Jetzt möchten wir auf unserer Startseite die letzten 5 Blogs (Titel inkl. einer kurzen Beschreibung) ausgeben und einem "mehr lesen" Link, welcher auf den vollständigen Artikel im Blog verweist.

Mein Problem ist, dass ich keinen guten Ansatz finde. Grundsätzlich bin ich offen für PHP und JavaScript Lösungsansätze wo der RSS Feed angezapft wird. Ich finde traurigerweise nichts womit ich etwas anfangen kann. Ich dachte mir das JavaScript sicherlich die einfachere Lösung wäre. Wenn jemand ein paar Seiten kennt wo soetwas gut thematisiert wird, dann wäre ich dankbar.
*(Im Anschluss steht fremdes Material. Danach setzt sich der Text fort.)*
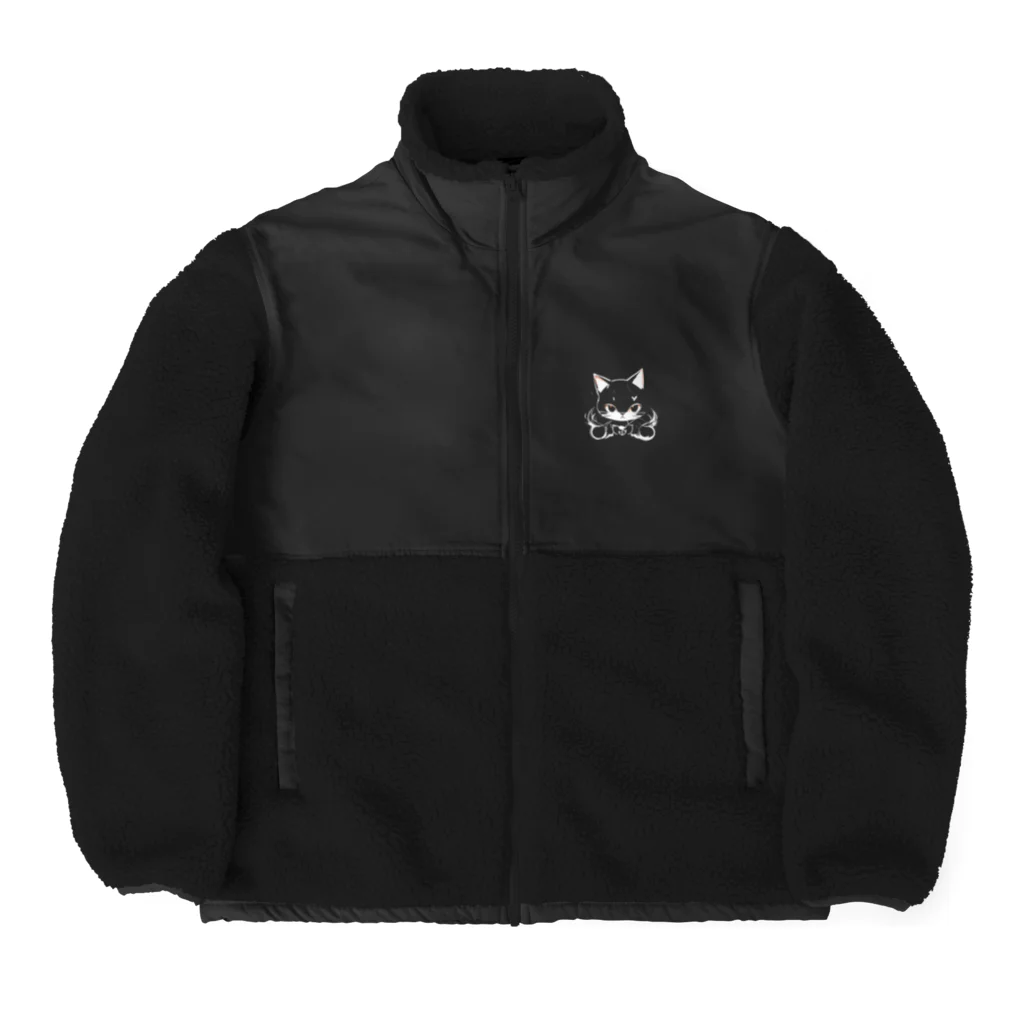 WshopTYの後ろの色に塗られるねこさん Boa Fleece Jacket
(PS: Ich tendiere dazu einen Blog direkt bei wordpress.com zunächst anzulegen, weil ich nicht weiß ob unser Webspace SQL Datenbanken derzeit unterstützt)

Idealfall wäre soetwas wie auf dieser Seite: http://p3k.org/rss/?setup=true

Allerdings würde ich es gerne auf meine Bedürfnisse anpassen können.

Beste Grüße


----------



## fpvz (24. Oktober 2011)

Auf welches System baut denn euer aktuelles System auf?


----------



## mR.fLopPy (21. November 2011)

Sorry für meine späte Antwort, ich war leider verhindert. Also wir verwenden kein CMS. Es handelt sich um eine HTML Website, wobei ein Kontakformular in PHP dabei ist. Grundsätzlich wäre also der Einsatz von PHP kein Problem.

Mittlerweile muss ich auch die Überschrift korrigieren. Der Blog wurde nicht mit WordPress sondern bei Blogspot angelegt. Das Auslesen der Feeds ist aber bei dem Dienst auch kein Problem.


----------



## mR.fLopPy (28. November 2011)

Weiß niemand Rat?


----------